This year being a leap year, Bradford's 14th International Film Festival has been scheduled to start on a rare date - February 29.

A packed and varied programme of new releases, vintage classics, retrospectives, tributes, special guests and awards will go on until March 15.

Details have yet to be released from the National Media Museum, but the festival will include documentaries on movies and movie-makers, the old favourite Widescreen Weekend, Uncharted States of America - what's new in US independent cinema - the Shine Award for the best short film, as well as special guests.

This week a new nine-week Tuesday evening series started, The Cinema of Central Europe.

Tutors Rona Murray and Roy Stafford offer an exploration of the impact of writers, musicians and film-makers from Germany, the Czech Republic, Slovakia, Austria, Hungry and Poland, from the 1920s through to the post-Communism era.

The programme includes four full screenings - Intimate Lighting (1966, Czechoslovakia); Fateless (2005, Hungary); Sehnsucht (2006, Germany); and We're All Christs (2006, Poland).

The series runs from 6.30pm to 8.30pm every Tuesday until March 4 and costs £65 (£45 concessions).

Meanwhile, for this month and next it's a case of now you see it, almost, now you don't at the National Media Museum.

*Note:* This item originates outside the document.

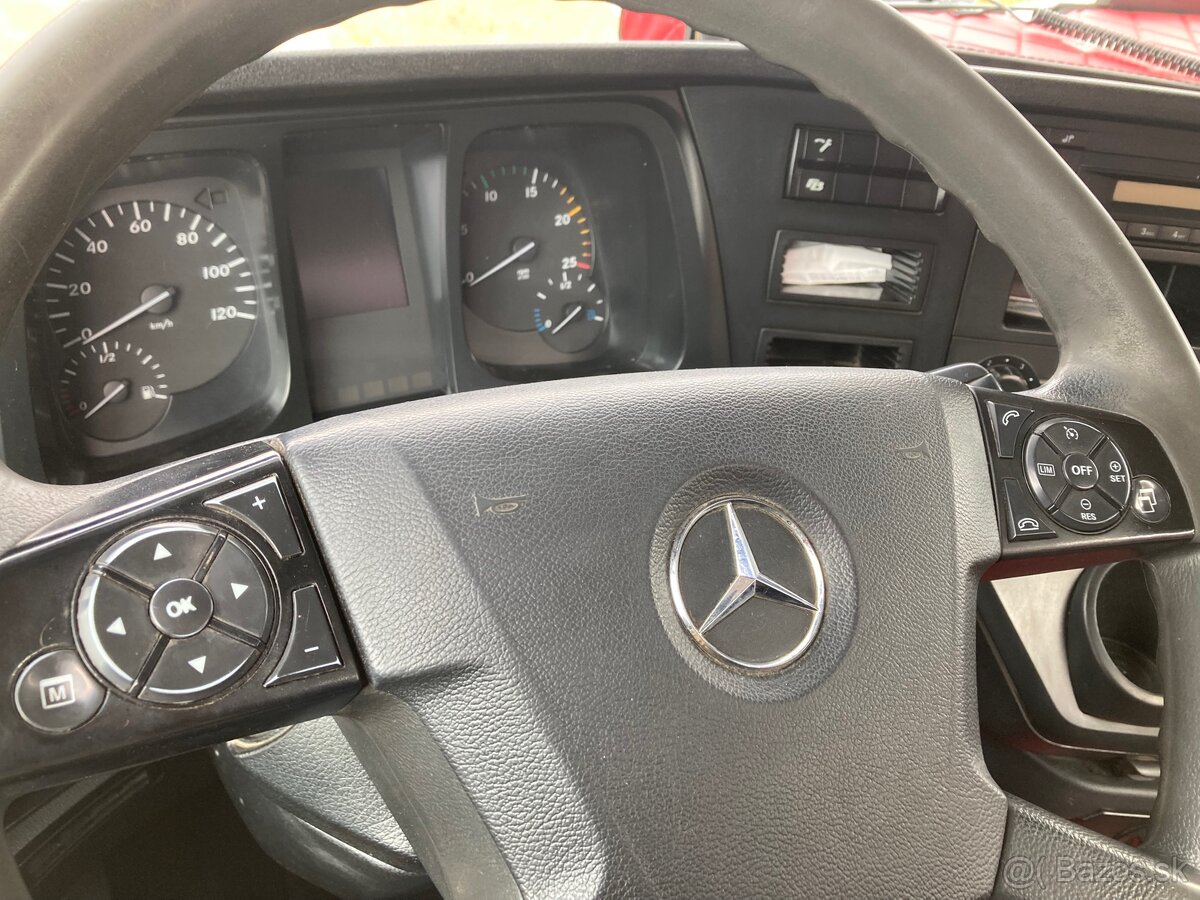 Mercedes Arocs 3251, Sklapač 8x4 - 3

The law of unforeseen consequences has descended.

January's film of the month at Pictureville cinema - director Ang Lee's Lust, Caution - has been withdrawn and a planned showpiece interview with veteran movie-maker Jack Cardiff has had to be cancelled.

Both the film and the talk are advertised on the front cover of the January issue of NMM's brochure, Film.

But Lee's prizewinner won't be shown until February because of a "booking error", Pictureville patrons are being told.

The wartime erotic thriller, set in the Far East, was due to run from January 4 through to next Thursday.

Bill Lawrence, head of cinema, said: "It was due to a communications error. It wasn't the distributor's fault. We thought we had it booked from January 4, but the date was the 18th. Now we're going to show it from February 8 to 14."

But there will only be 14 screenings as oppose to the 32 planned for this month. Does that mean the NMM had second thoughts about devoting so many slots to the film? "No, I was happy with the original booking; it was just an error," Mr Lawrence added.

In place of Lust, Caution four other films have been substituted. Tonight, for example, Ridley Scott's recent movie American Gangster, starring Denzel Washington and Russell Crowe is being shown.

This film is based on real events in New York City in the late 1960s and mid-1970s, when a black Harlem gangster took over drugs distribution, outdoing even the Mafia, and a New York cop is put in charge of a special unit to crack the racket. The film can also be seen on the morning of Thursday, January 17.

From January 11 to 13, the film will be Into the Wild, Sean Penn's account of the life and times of idealistic young American Christopher McCandless, who gave away his money to charity, packed a rucksack and abandoned civilisation for the wilds.

On the 14th the film will be Kenneth Branagh's interpretation of Mozart's opera The Magic Flute, which he has set on the Western Front battlefield in the First World War.

The scheduled showing on the 16th and 17th is Robert Redford's Lion For Lambs, starring Tom Cruise and Meryl Streep. This film can also be seen in the morning of the 24th in one of the NMM's regular Thursday Senior Screenings.

The film has the war against the Taliban in Afghanistan as a backdrop to this story about the search for the authentic life - a favourite theme of Redford's in movies such as A River Runs Through It and The Horse Whisperer.

Another setback for the NMM has been the cancellation of cinematographer and director Jack Cardiff's appearance on the night of January 16, due to ill health.

The 93-year-old cinema veteran was due to talk to Tony Earnshaw, the NMM's head of film programming, about his work behind the camera and how he came to take photographs of stars such as Marlene Dietrich, John Wayne and Humphrey Bogart.

However, the planned screening of A Matter of Life and Death will go ahead at 8pm in the Cubby Broccoli cinema.

This 1946 Michael Powell and Emeric Pressburger masterpiece starring David Niven as an airman who is granted a reprieve from death by Heaven, was filmed by Jack Cardiff.

One of the technical feats which he pioneered was the use of both black and white and Technicolor film.